- **Exercise**
Repeat exactly the line with "Frau trinkt Wein" and each line after it to the end of the data below; pictures stay out.

- **Given information**
—————
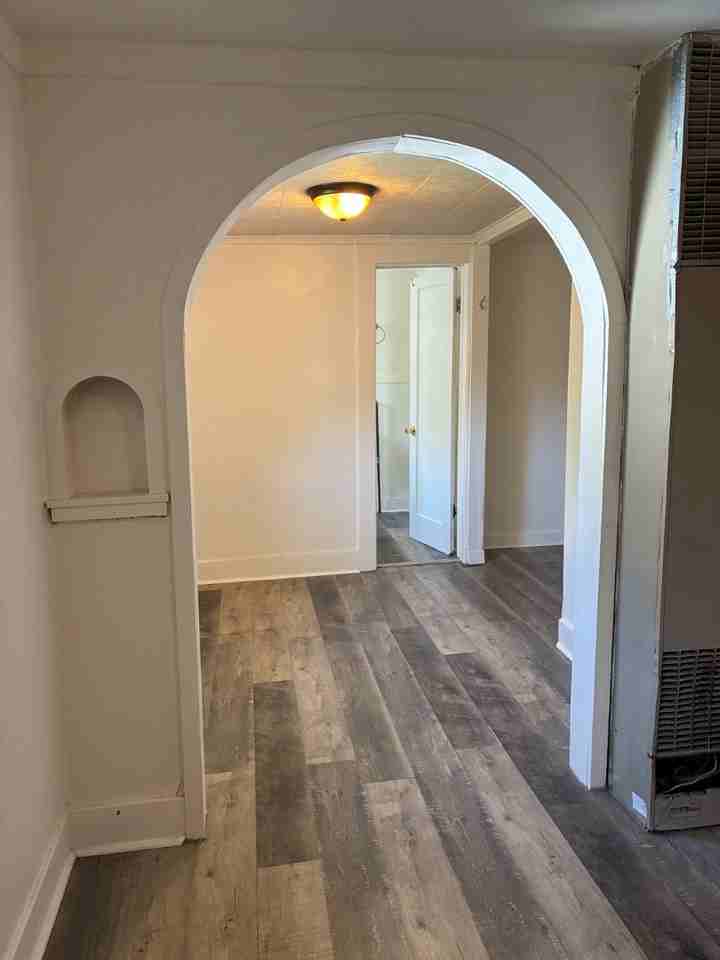 1312 Hansen Ave - Photo 4 of 11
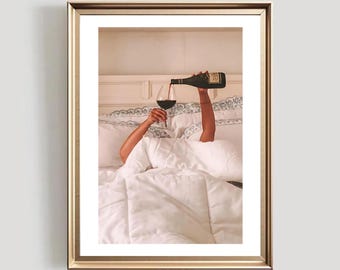 Frau trinkt Wein im Bett Druck, Weinkarte druckbare Kunst, Weinsorten Druck, Minimalistische Wein Illustration, Alkohol Wandkunst, Wein Druck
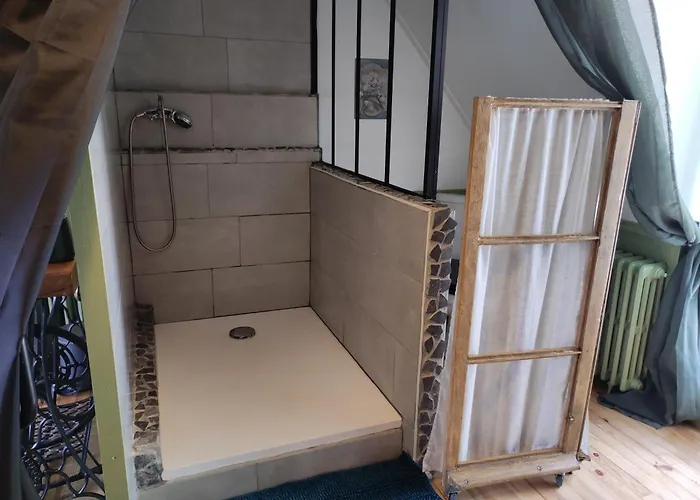 La Demeure De Cyr Bed and breakfast Saint-Chamant (Cantal)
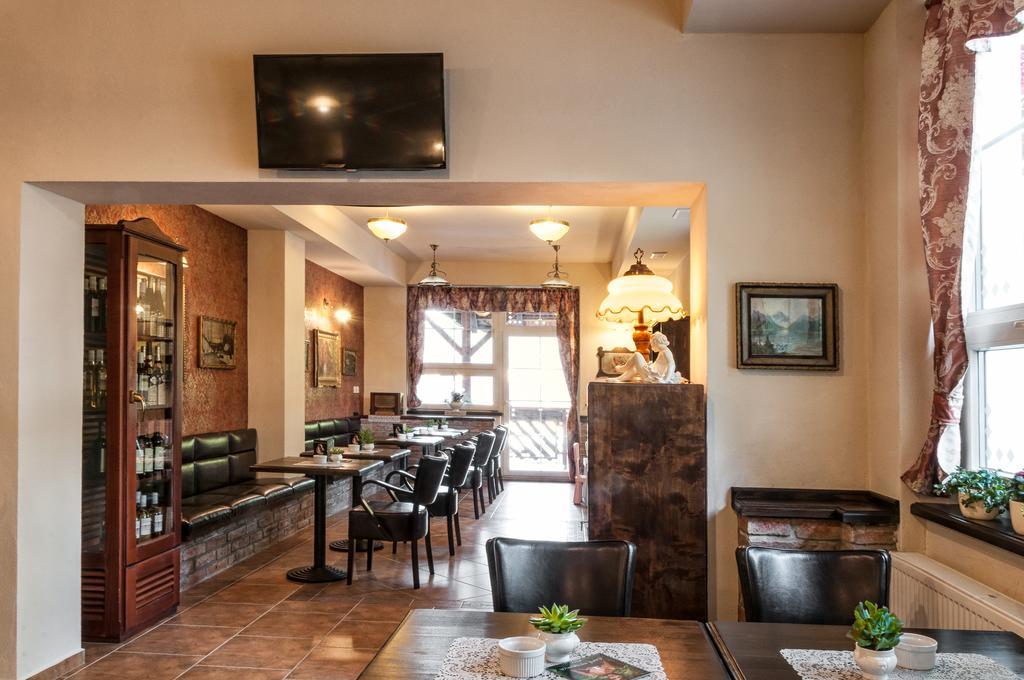 Hotel Na Skalkach Nový Jičín Buitenkant foto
—————
- **Exercise output**
 Frau trinkt Wein im Bett Druck, Weinkarte druckbare Kunst, Weinsorten Druck, Minimalistische Wein Illustration, Alkohol Wandkunst, Wein Druck
 La Demeure De Cyr Bed and breakfast Saint-Chamant (Cantal)
 Hotel Na Skalkach Nový Jičín Buitenkant foto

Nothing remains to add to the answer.